Material provided:
• • •
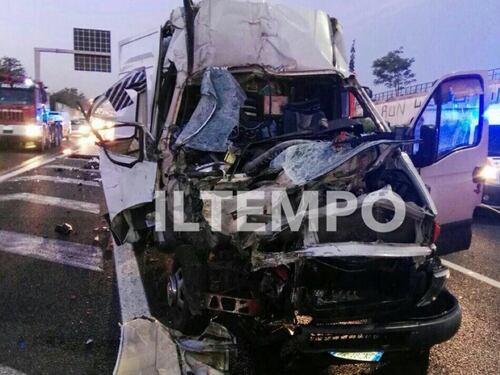 Schianto sul Gra, scontro fra camion e furgone: un morto
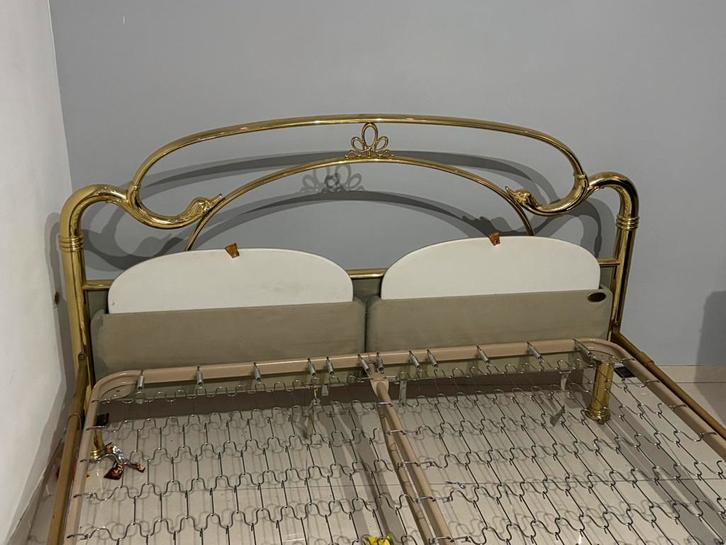 Lit tres solide incassable, Huis en Inrichting, Slaapkamer | Bedden, Zo goed als nieuw, Ophalen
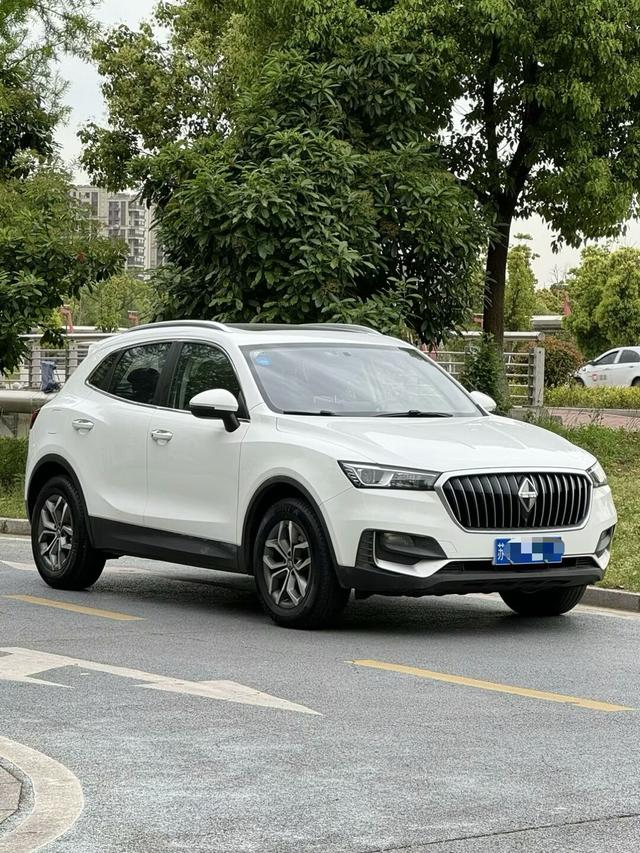 Borgward BX5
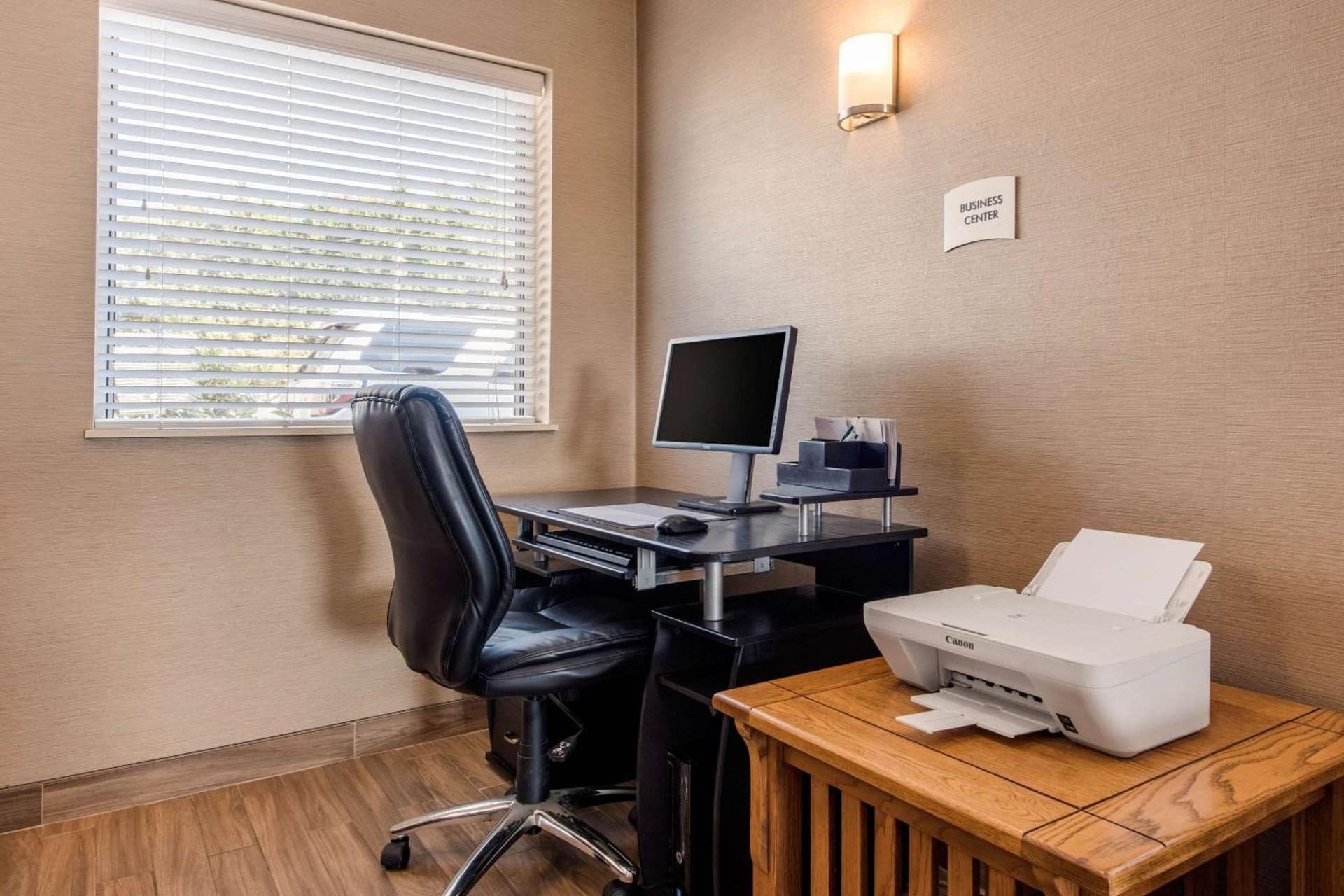 Quality Inn & Suites New Castle gallery photo in New Castle, PA — image 4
• • •
Work required:
Please write out, word for word, each line from the one with "Borgward BX5" to the last line of the data, keeping both ends and omitting pictures.

Solution to this task:
 Borgward BX5
 Quality Inn & Suites New Castle gallery photo in New Castle, PA — image 4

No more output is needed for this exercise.